Work to complete ->
Below is a listing. Return the lines from the one that contains "гроші на відновлення" to the one that contains "Zara V yaka önü büzgülü crop", both ends included, verbatim and with no pictures.

The input ->
==============================
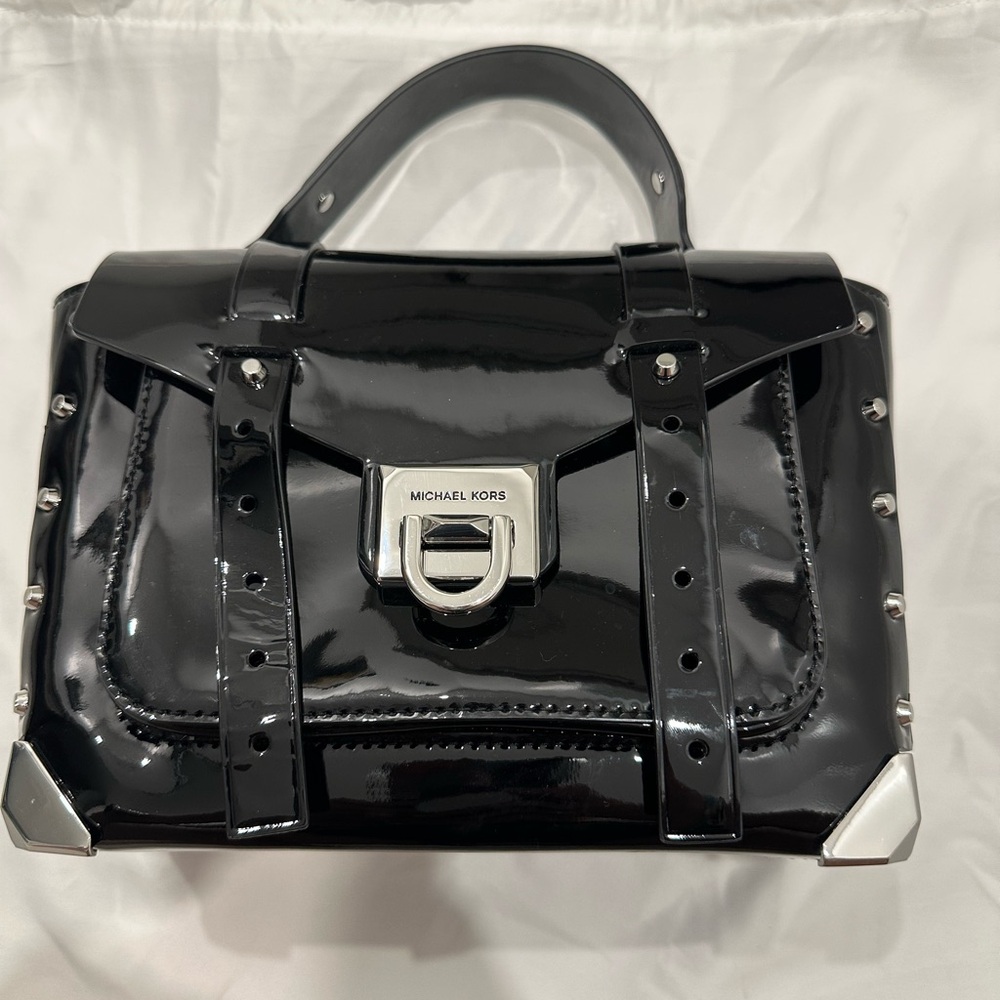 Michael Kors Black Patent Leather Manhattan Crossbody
==============================
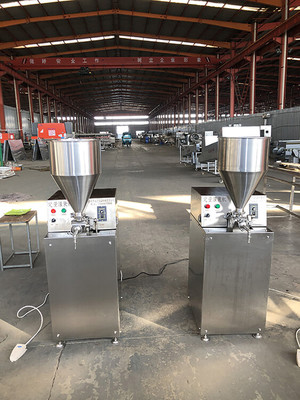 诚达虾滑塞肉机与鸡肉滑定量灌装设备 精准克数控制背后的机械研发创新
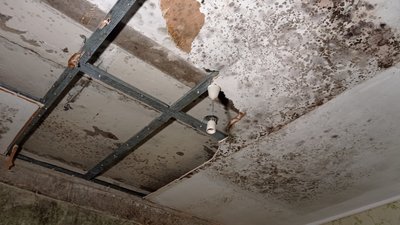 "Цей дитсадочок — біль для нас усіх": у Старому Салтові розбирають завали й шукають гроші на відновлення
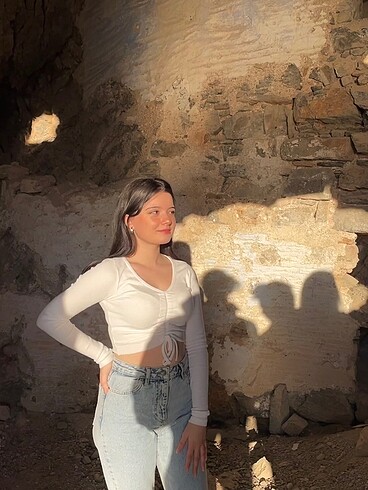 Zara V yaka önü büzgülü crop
==============================
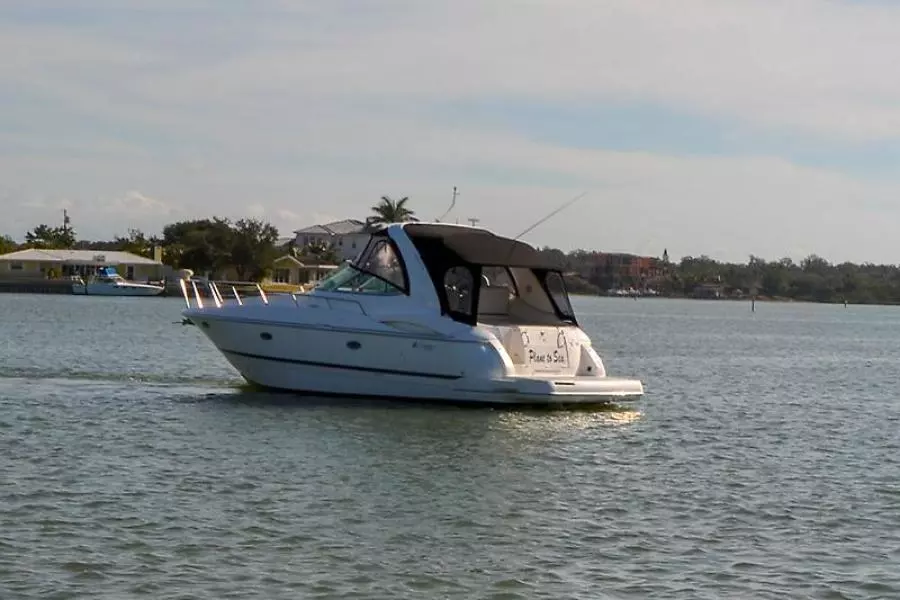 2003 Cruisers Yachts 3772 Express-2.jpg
==============================
The completed task ->
 "Цей дитсадочок — біль для нас усіх": у Старому Салтові розбирають завали й шукають гроші на відновлення
 Zara V yaka önü büzgülü crop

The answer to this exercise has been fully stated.